Homebrew Weather Prediction?

I enjoy having a weather station at home. It is hooked up to APRS, weatherunderground.com, and I even have a weather webpage. One of the standard exchanges of information in most general QSOs is the weather: temperature, rain, …. I also like telling the folks in Florida that my humidity is 40% (I am not a fan of humidity having expierenced Fort Benning, GA in the summertime and monsoon season in Korea, not to mention my unairconditioned room at The Citadel (although I hear they have air conditioning now!)). It is easy to look at my desktop display and get all the data I need. I have heard of some folks who have a way to pull their weather data directly from their weather stations and input it into their PSK QSOs. Pretty slick, but I have never figured out how to do that (… yet).

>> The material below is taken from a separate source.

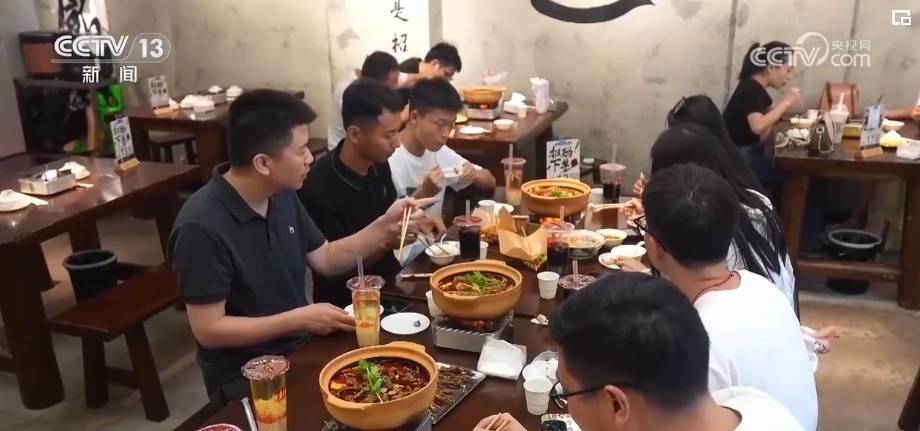 “夏日经济”清凉爽一“夏” 食在当“夏”激活消费新活力 “夏日经济”清凉爽一“夏” 食在当“夏”激活消费新活力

All that being said, I do not get into weather prediction that much. If I see the barometer dropping, I may check the locak National Weather Service radar to see if anything is moving in (weather here moves from west to east). But if I wanted to get into weather prediction, this would make an interesting homebrew project: The Tempest Prognosticator.

Developed in the 1850s by Dr. George Merryweather, this device used leeches that would ring a bell if a storm was approaching. The device was even featured in Britian’s Great Exhibition of 1851. Despite the publicity, Dr. Merryweather was never able to get the government interested in putting the device into use.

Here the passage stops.